### [Problem to work on]
Would you return, word for word, the lines of the data below from the line with "Suzuki HUSTLER 2022-07 7058873-7" through the line with "26 Queen Louisa Drive, Murray Bridge SA 5253", and no others?

[Exercise data]

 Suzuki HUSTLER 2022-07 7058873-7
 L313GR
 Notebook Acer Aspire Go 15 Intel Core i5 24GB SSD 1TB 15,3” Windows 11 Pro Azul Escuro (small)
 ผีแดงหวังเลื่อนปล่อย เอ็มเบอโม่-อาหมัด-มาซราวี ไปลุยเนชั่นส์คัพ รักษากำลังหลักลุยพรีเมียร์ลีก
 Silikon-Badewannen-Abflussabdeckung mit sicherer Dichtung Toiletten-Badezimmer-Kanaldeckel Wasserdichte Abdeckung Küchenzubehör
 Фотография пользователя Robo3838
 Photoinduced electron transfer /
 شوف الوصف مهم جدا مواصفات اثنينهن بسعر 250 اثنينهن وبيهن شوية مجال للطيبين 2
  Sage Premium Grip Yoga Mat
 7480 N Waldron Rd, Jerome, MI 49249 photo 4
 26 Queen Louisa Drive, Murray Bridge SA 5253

[/Exercise data]
[Exercise data]

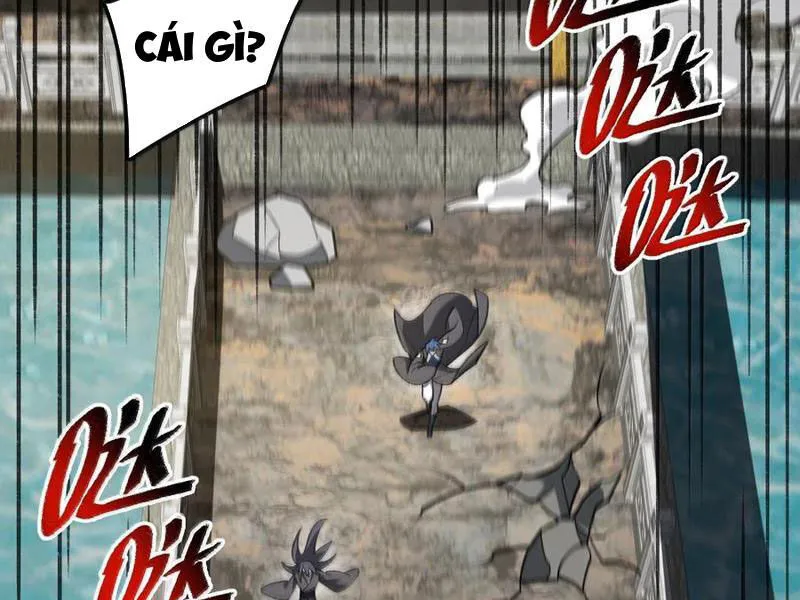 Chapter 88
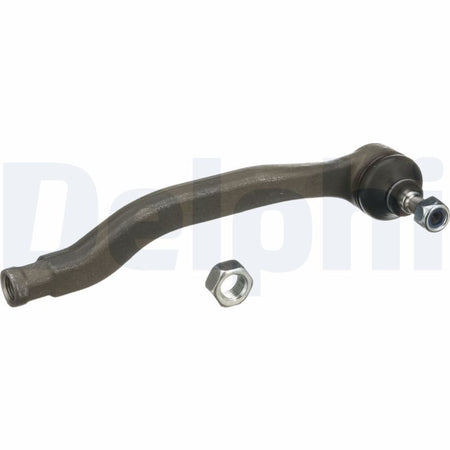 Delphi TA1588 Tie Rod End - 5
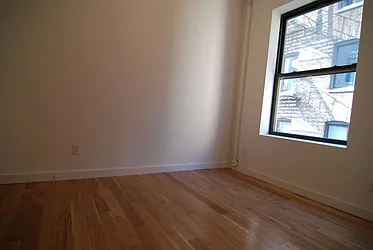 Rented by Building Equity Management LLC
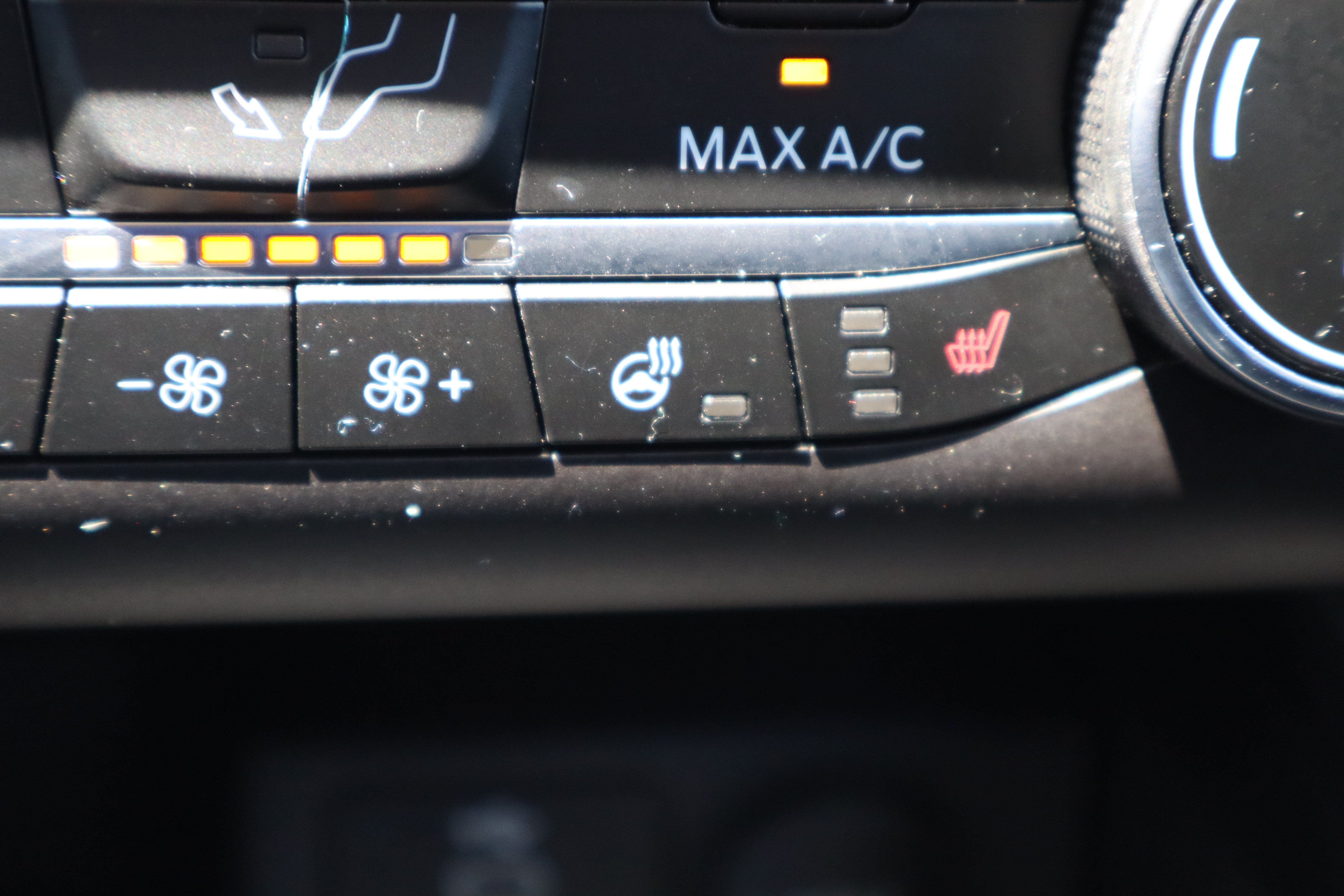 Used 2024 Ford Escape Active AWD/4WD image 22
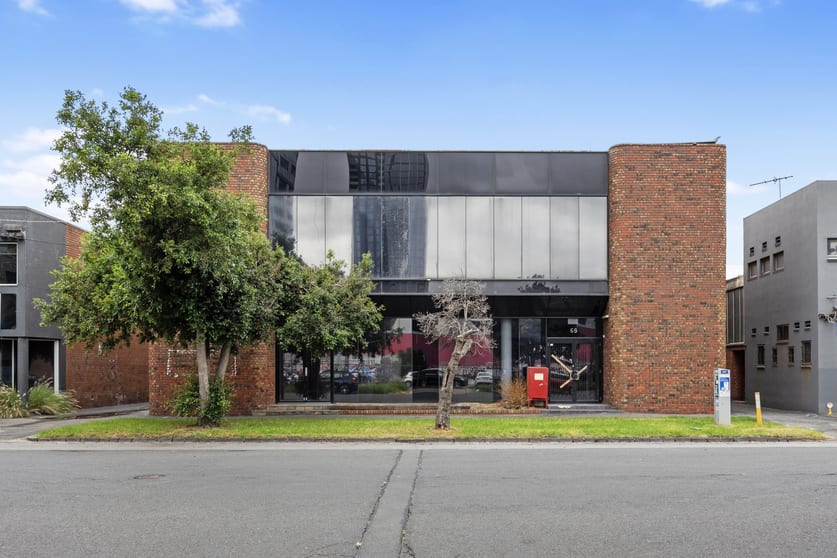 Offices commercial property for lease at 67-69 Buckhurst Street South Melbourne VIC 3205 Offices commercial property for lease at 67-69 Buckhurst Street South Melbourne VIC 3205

[/Exercise data]
[Exercise data]

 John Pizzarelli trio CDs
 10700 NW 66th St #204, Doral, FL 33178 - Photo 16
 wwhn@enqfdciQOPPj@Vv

[/Exercise data]

### [Result below]
 Suzuki HUSTLER 2022-07 7058873-7
 L313GR
 Notebook Acer Aspire Go 15 Intel Core i5 24GB SSD 1TB 15,3” Windows 11 Pro Azul Escuro (small)
 ผีแดงหวังเลื่อนปล่อย เอ็มเบอโม่-อาหมัด-มาซราวี ไปลุยเนชั่นส์คัพ รักษากำลังหลักลุยพรีเมียร์ลีก
 Silikon-Badewannen-Abflussabdeckung mit sicherer Dichtung Toiletten-Badezimmer-Kanaldeckel Wasserdichte Abdeckung Küchenzubehör
 Фотография пользователя Robo3838
 Photoinduced electron transfer /
 شوف الوصف مهم جدا مواصفات اثنينهن بسعر 250 اثنينهن وبيهن شوية مجال للطيبين 2
  Sage Premium Grip Yoga Mat
 7480 N Waldron Rd, Jerome, MI 49249 photo 4
 26 Queen Louisa Drive, Murray Bridge SA 5253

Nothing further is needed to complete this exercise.